In spite of economists’ expectations for August, the private sector in the United States only added a number of 190,000 jobs. These figures were issued by the ADP Research Institute in Roseland, New Jersey on Wednesday, September 2.
According to the predictions of almost 50 top economists who were surveyed by Bloomberg, a private financial software, data and media company based in New York, about 200,000 jobs were expected last month in the private sector. Estimates ranged from 160,000 to 230,000 job gains, according to the same company.
July was not very successful in meeting economists’ predictions either. Only 177,000 workers were employed by U.S. companies, compared to the estimated 185,000.

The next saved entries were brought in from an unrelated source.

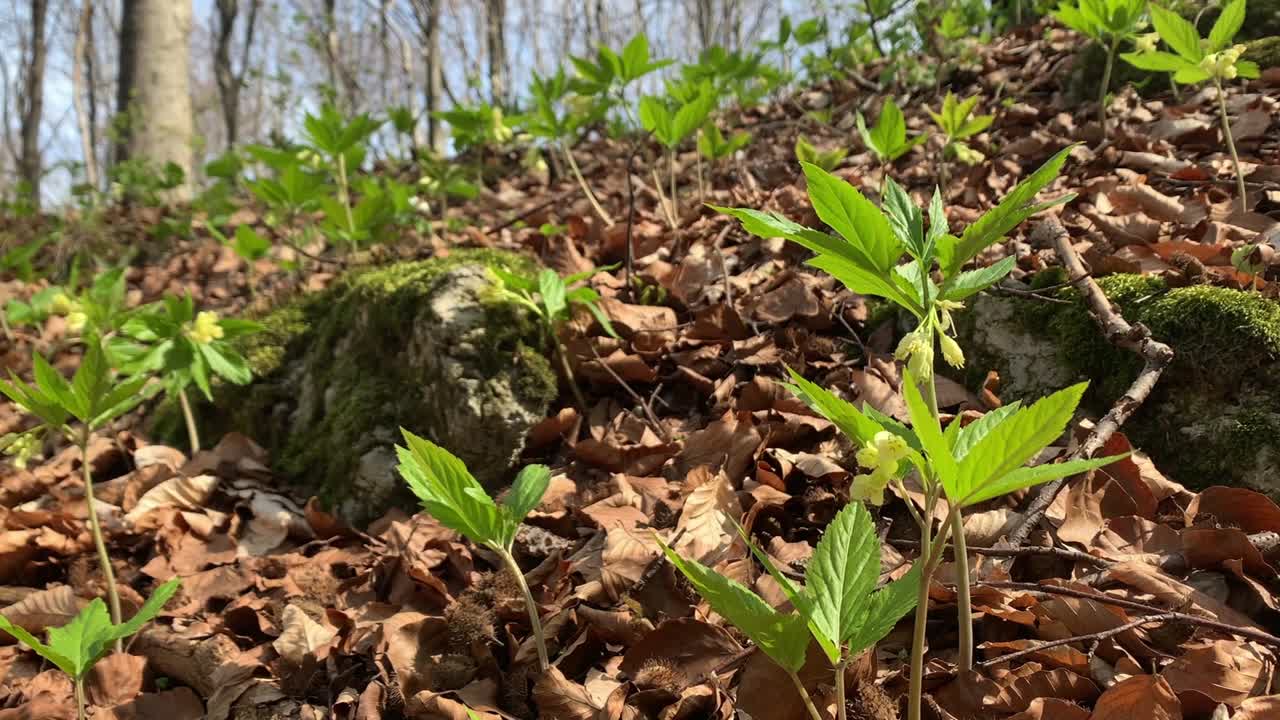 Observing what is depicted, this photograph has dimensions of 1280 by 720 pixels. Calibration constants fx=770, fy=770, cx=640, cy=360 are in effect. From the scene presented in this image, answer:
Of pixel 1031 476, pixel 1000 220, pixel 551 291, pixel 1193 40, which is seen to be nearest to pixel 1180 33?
pixel 1193 40

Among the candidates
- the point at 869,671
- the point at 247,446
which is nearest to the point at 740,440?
the point at 869,671

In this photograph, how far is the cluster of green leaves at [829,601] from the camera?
1022 mm

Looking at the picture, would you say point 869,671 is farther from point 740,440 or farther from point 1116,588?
point 740,440

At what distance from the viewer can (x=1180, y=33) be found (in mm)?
2291

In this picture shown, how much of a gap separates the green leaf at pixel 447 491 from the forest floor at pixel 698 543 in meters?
0.31

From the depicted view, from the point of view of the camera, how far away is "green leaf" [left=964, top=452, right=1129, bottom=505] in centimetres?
81

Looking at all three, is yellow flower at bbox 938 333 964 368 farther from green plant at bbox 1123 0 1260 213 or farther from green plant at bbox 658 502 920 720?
green plant at bbox 1123 0 1260 213

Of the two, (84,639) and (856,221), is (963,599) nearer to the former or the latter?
(856,221)

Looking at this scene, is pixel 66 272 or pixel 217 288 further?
pixel 66 272

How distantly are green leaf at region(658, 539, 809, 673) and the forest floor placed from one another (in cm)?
27

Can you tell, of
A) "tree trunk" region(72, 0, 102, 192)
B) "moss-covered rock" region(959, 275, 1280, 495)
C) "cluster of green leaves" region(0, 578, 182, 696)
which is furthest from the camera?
"tree trunk" region(72, 0, 102, 192)

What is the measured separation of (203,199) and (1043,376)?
5.78 meters

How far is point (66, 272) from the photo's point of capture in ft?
17.6

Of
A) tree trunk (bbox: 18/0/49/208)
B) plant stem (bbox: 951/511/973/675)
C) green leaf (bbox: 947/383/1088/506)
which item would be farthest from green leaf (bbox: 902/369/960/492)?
tree trunk (bbox: 18/0/49/208) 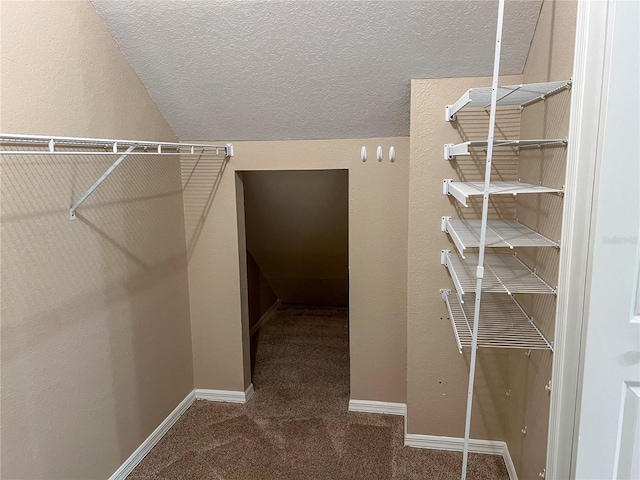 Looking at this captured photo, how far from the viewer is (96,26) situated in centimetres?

“Recent global financial market turmoil has not slowed the U.S. job market, at least not yet. Job growth remains strong and broad- based, except in the energy industry,” said Mark Zandi, who is the chief economist at Moody’s Analytics Inc. He s also the one who releases the figures with ADP.
Another report issued on August 28 by the Labor Department showed that the total number of people employed last month went up to 218,000. This number included government agencies. At the same time, unemployment rate went down to 5.2 percent, which is not far from July’s 5.3 percent, but it is still an improvement.
As expected, construction and manufacturing companies increased the number of workers significantly, adding a total number of 17,000 jobs. This is even higher than it was over the previous months. A simple explanation for that is that house pricing has gone up thanks to the higher employment rate, which increased the demand for new constructions. Service providers counted about 173,000 employees last month.
Large companies with 500 or more employees only added about 40,000 jobs, compared to medium -sized companies (50 to 499 employees) which boosted payrolls with 66,000 new people and smaller businesses, with less than 50 employees, which hired about 85,000 people.
Thanks to the low rate of unemployment that has remained on decrease mode over the past months, there is hope interest rates will increase starting with September, according to a spokesman of the Federal Reserve.
Consumer satisfaction has also gone up, even if people are still reluctant to spend large sums of money.